Motivation this week comes from tech journalist Georgie Barrat, discussing women in tech, VR trends and tips on going freelance.
1. First can you tell us a bit about yourself and your job?
Primarily I’m a tech journalist, but I work in a number of different sectors around tech and journalism, some traditional print stuff – I write for the Mirror, Tech City News and the Metro, and then also broadcast material with ITV and channel 5. I also take part in radio discussions on the BBC Worldwide service and Talk Radio.
I’m continuously developing ideas around technology, pitching ideas and features or commenting on the latest tech news. I also frequently take part in events across the tech community, talking at live events or hosting panel discussions.
2. What brought you to this area?
I’ve always loved technology, I grew up with two brothers so tech was the common ground for us all. I then wanted to go into journalism, so studied English at university, after graduating I did some work in TV for a while and just wanted to bring all my passions together eventually leading me to go freelance.
I’ve now gone back to my first passion which was writing about tech and being part of the tech world – I love the tech community, I find it a really progressive thing to write and talk about, it’s exciting, and compared to other forms of journalism which can sometimes be more heavy and negative.

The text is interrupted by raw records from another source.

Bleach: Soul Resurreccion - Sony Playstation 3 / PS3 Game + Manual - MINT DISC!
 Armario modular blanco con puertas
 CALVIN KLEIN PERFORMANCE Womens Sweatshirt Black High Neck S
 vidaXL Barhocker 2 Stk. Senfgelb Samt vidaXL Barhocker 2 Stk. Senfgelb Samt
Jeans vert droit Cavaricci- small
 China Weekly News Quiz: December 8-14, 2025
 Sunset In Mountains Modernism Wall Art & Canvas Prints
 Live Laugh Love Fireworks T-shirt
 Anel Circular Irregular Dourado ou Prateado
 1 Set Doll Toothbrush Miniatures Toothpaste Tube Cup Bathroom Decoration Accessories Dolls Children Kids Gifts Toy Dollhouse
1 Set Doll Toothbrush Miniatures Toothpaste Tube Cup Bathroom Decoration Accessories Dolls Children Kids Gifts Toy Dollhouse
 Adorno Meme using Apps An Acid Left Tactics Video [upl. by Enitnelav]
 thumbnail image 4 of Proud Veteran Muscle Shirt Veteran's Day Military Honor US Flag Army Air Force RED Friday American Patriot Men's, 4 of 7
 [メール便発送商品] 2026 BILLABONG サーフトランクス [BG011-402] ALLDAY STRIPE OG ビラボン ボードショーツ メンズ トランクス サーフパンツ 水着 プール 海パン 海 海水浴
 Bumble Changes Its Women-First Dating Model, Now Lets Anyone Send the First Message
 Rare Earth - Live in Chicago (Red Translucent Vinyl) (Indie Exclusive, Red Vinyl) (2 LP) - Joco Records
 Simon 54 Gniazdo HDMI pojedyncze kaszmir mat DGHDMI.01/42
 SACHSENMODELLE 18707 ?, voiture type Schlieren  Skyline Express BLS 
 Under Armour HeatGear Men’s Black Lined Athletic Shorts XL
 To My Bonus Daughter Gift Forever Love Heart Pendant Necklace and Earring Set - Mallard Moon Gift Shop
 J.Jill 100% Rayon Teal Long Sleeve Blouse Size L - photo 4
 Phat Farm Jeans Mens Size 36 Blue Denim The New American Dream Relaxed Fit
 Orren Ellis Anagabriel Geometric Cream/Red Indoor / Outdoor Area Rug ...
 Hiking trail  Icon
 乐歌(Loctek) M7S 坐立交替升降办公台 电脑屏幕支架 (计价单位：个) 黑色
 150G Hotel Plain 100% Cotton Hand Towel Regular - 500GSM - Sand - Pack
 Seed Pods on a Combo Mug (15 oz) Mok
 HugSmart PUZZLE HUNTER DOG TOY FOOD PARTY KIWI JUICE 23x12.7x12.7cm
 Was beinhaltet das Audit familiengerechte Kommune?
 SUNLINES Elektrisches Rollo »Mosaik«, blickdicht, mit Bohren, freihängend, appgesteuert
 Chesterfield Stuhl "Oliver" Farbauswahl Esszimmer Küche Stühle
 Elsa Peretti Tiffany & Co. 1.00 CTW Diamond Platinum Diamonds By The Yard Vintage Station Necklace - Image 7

I genuinely find it really fascinating, and love the scope of innovation and all the gadgets. I also love the entrepreneurial spirit and how tech is directly changing our culture and shaping our society. I’m currently putting together a TEDX talk about how tech is going to shape feminism over the next 10 – 15 years, from remote working to education, to automating things in the home, you can visibly see how tech has and will continue to make a difference for women worldwide.
3. What is your position on the argument that more women should be in tech?
Technology is progressive thinking and I completely believe that there should be more women in tech – I’m passionate about shining a light on it and writing to encourage more women into the tech field. There is some really good work being done and more tech companies are introducing practical solutions that should encourage more women into the field, whether that’s support systems or flexible working. But the whole pipeline has to change, from encouraging girls at school age to take tech related subjects to further down the process to stop women dropping out so much.
4. What time does your day start, and what does your typical work day schedule look like?
Now I’m working freelance I try to get up around 6.30am and work for a solid two hours checking emails etc – the joys of remote working. I then like to go for a run and then head out to meetings and events.
5. What do you consider the greatest achievement in your work to date?
That’s a difficult one because I’m at a stage where everything is still building momentum, there is some really exciting things in the pipeline that I can’t quite talk about just yet. But for me, knowing that I can do a job that I love, which has been created and orchestrated by me, and knowing that there is some really exciting things to come is my greatest achievement.
6. What is the one app you could not live without?
WhatsApp – but that’s quite a boring response, I love Instagram as a social media app and I really like the KAYAK app, which allows you to bring together all your trip details, from hotel bookings, to restaurant reservations into one beautiful, comprehensive itinerary – it’s just so clever.
7. What makes London a good city for technology and startups?
London is just so incredibly supportive, it has a fantastic infrastructure for startups and entrepreneurs. It has amazing programs with an abundance of opportunities, accelerators, competitions and events which are easily accessible. There is also a strong community providing support, mentorship and venture capitalists, there is just such rich pickings for everything you might need as a startup.
Just the sheer opportunities available, compared to other startup hubs, London still feels like there is potential with areas still growing and it’s a really exciting thing to be part of.
8. Which tech trends are you most excited about?
I’m really excited about VR and AR technologies, people haven’t yet fully engaged with them yet and I find that so exciting, it is going to have such an impact on everything, from the classroom to the wider society.
Something that is really exciting and revolutionary right now is the Cloud, allowing people to work remotely and just providing a streamlined experience across everything you do. In the last six months I’ve noticed myself transitioning to the cloud, and it has really benefited my work flow, and it just seems to be having an impact right now on everything we do, the way we bank, shop and even interact.
9. And finally, what is the one piece of advice you would give to someone wanting to start out freelancing?
I would say it’s tough to start out as a freelancer, so make sure you plan your day in a real focused way, setting up proper SMART goals and thinking really practically about how you are going to plan your weeks and months as well as end goals what do you want to achieve in six months to a year. It requires a lot of self discipline so find work systems that work for you and keep you productive and focused.